## AVAILABLE DATA
☆ ☆ ☆ ☆ ☆ ☆ ☆
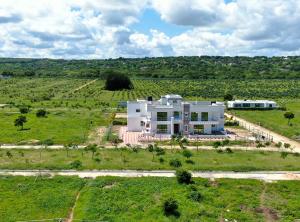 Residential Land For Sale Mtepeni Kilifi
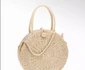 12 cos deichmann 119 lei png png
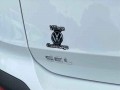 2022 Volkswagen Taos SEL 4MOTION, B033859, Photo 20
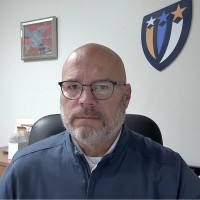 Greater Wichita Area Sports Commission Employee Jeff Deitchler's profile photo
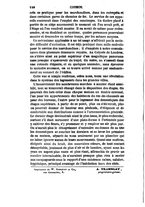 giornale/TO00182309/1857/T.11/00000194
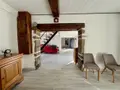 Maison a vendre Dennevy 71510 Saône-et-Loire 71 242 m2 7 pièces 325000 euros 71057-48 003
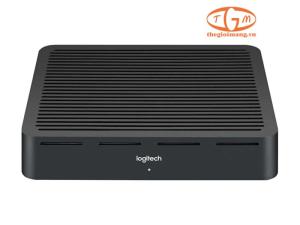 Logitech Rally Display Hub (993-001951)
☆ ☆ ☆ ☆ ☆ ☆ ☆
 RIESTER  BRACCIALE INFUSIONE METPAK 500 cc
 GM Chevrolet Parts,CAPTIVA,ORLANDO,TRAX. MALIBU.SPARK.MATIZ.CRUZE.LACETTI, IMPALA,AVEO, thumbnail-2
☆ ☆ ☆ ☆ ☆ ☆ ☆
## AIM OF THE TASK
With the line holding "METPAK 500 cc" as the first and the line holding "GM Chevrolet Parts,CAPTIVA,ORLANDO,TRAX." as the last, set down that range of the entries above exactly, and nothing else.

## TASK RESPONSE
 RIESTER  BRACCIALE INFUSIONE METPAK 500 cc
 GM Chevrolet Parts,CAPTIVA,ORLANDO,TRAX. MALIBU.SPARK.MATIZ.CRUZE.LACETTI, IMPALA,AVEO, thumbnail-2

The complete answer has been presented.